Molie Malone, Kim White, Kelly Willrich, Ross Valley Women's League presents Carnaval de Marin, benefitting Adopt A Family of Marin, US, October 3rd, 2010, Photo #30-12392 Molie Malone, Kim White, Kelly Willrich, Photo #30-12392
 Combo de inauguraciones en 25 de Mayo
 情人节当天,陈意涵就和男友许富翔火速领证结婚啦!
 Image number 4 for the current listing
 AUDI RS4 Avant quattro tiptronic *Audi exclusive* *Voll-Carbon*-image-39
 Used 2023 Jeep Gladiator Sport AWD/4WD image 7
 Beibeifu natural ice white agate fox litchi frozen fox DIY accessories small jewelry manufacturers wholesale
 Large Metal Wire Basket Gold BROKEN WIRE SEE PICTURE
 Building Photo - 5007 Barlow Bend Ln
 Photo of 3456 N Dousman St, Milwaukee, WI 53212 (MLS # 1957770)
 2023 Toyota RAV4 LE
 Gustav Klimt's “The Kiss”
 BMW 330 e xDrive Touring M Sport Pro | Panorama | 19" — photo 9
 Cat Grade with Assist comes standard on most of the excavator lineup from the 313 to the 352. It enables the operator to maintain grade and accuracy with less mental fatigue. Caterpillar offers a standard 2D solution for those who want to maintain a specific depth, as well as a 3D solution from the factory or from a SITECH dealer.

+++

▸ **WORK REQUIRED**
Your reply must be the entries above, returned word for word.

▸ **TASK RESULT**
Molie Malone, Kim White, Kelly Willrich, Ross Valley Women's League presents Carnaval de Marin, benefitting Adopt A Family of Marin, US, October 3rd, 2010, Photo #30-12392 Molie Malone, Kim White, Kelly Willrich, Photo #30-12392
 Combo de inauguraciones en 25 de Mayo
 情人节当天,陈意涵就和男友许富翔火速领证结婚啦!
 Image number 4 for the current listing
 AUDI RS4 Avant quattro tiptronic *Audi exclusive* *Voll-Carbon*-image-39
 Used 2023 Jeep Gladiator Sport AWD/4WD image 7
 Beibeifu natural ice white agate fox litchi frozen fox DIY accessories small jewelry manufacturers wholesale
 Large Metal Wire Basket Gold BROKEN WIRE SEE PICTURE
 Building Photo - 5007 Barlow Bend Ln
 Photo of 3456 N Dousman St, Milwaukee, WI 53212 (MLS # 1957770)
 2023 Toyota RAV4 LE
 Gustav Klimt's “The Kiss”
 BMW 330 e xDrive Touring M Sport Pro | Panorama | 19" — photo 9
 Cat Grade with Assist comes standard on most of the excavator lineup from the 313 to the 352. It enables the operator to maintain grade and accuracy with less mental fatigue. Caterpillar offers a standard 2D solution for those who want to maintain a specific depth, as well as a 3D solution from the factory or from a SITECH dealer.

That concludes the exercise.